Min Zhou

What is he best known for?

The fields of study he is best known for:

• Composite material
• Thermodynamics
• Ceramic

The scientist’s investigation covers issues in Composite material, Ultimate tensile strength, Nanowire, Strain rate and Fracture. His studies link Dissipation with Composite material. His study in Ultimate tensile strength is interdisciplinary in nature, drawing from both Diffusion, Nano- and Molecular dynamics.

The Nanowire study which covers Condensed matter physics that intersects with Shape-memory alloy, Nanoscopic scale and Crystal twinning. His research investigates the connection between Strain rate and topics such as Mortar that intersect with issues in Compressive strength, Split-Hopkinson pressure bar, Quasistatic process and Computer simulation.
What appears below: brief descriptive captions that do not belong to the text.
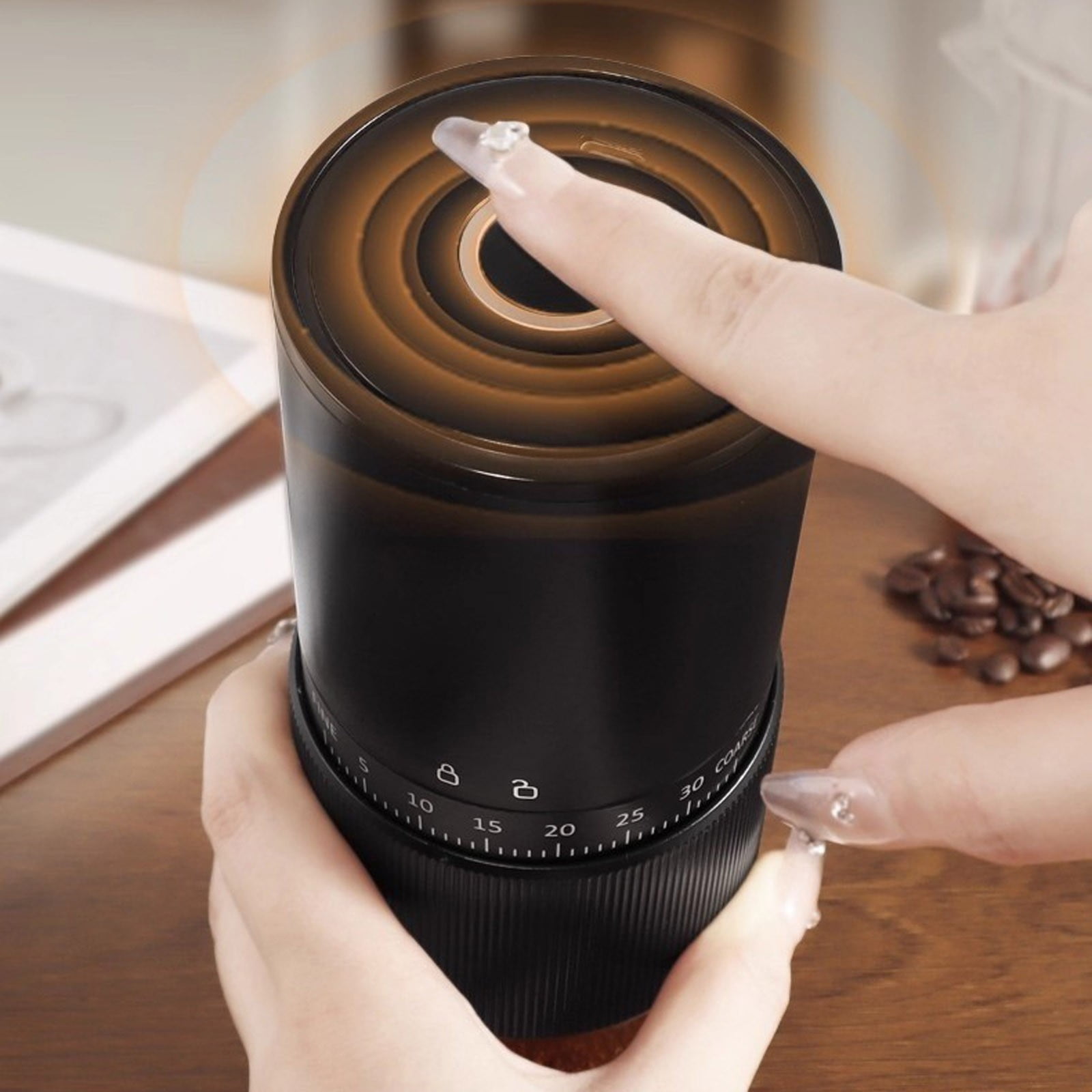Intelligente Kaffeemühle Für Zuhause, Mit Usb-c-anschluss Und Einem Robusten Und Langlebigen Edelstahlgehäuse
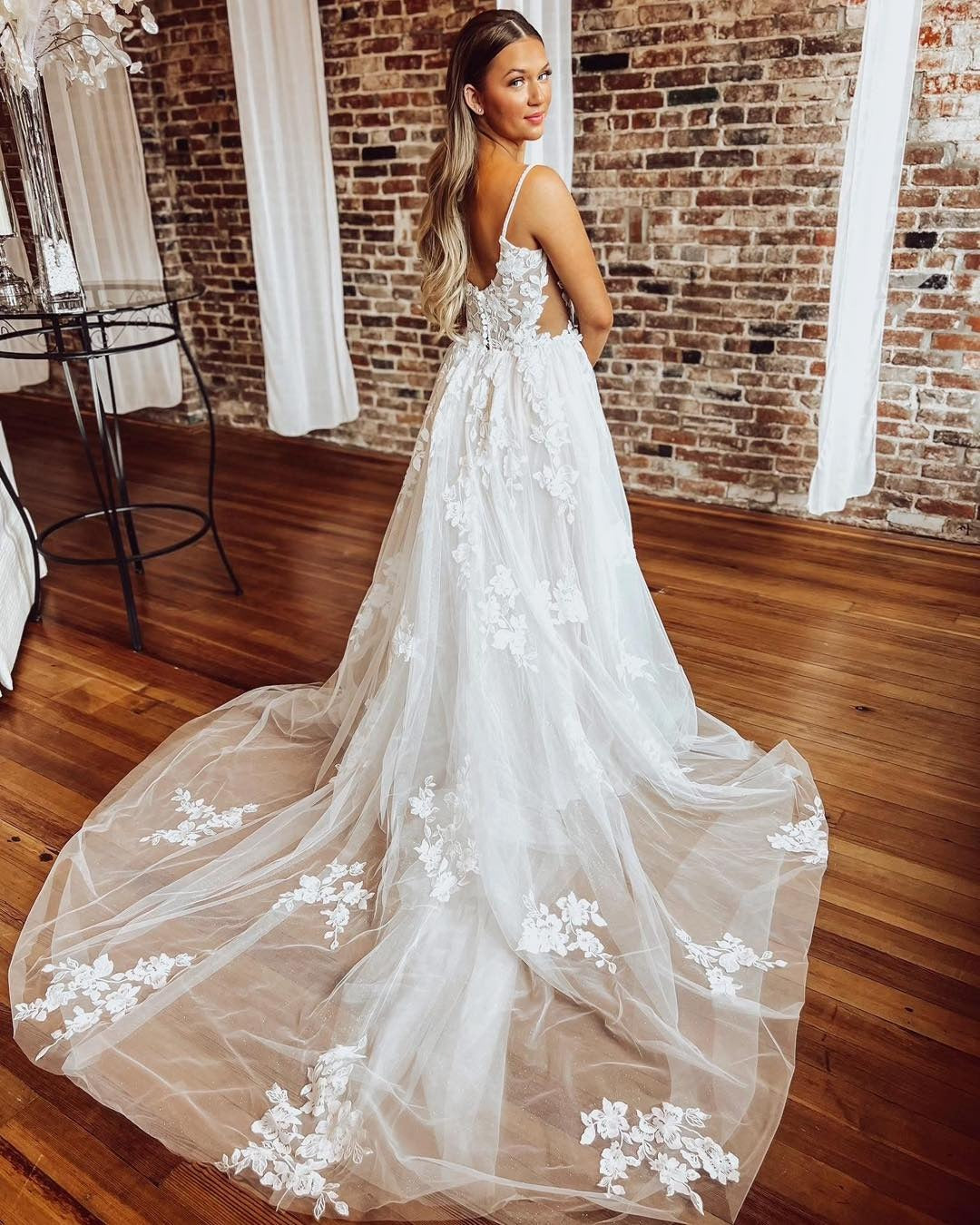 A Line Beach Wedding Dresses for Bride Tulle Lace Appliqued Wedding Gowns HE1161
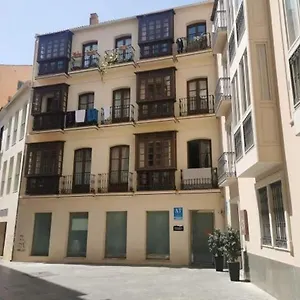 Snug Right In The Center Of , Málaga España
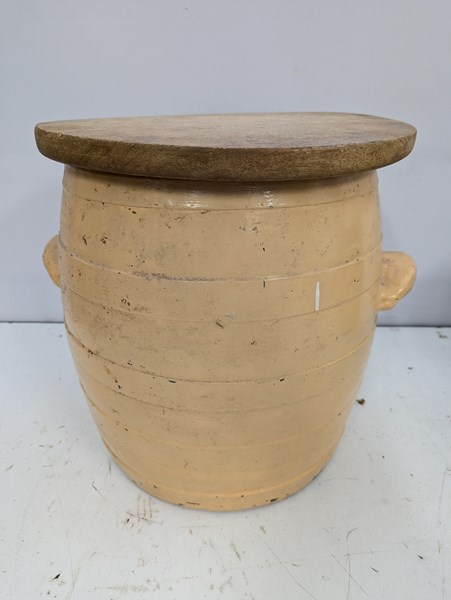 Lot 1270 - BREAD CROCK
The study incorporates disciplines such as Upper and lower bounds, Hyperelastic material, Finite element method and Fracture mechanics in addition to Fracture.

His most cited work include:

• A new look at the atomic level virial stress: on continuum-molecular system equivalence (416 citations)
• Dynamic behavior of concrete at high strain rates and pressures: I. experimental characterization (405 citations)
• Dynamically propagating shear bands in impact-loaded prenotched plates—I. Experimental investigations of temperature signatures and propagation speed (224 citations)

What are the main themes of his work throughout his whole career to date?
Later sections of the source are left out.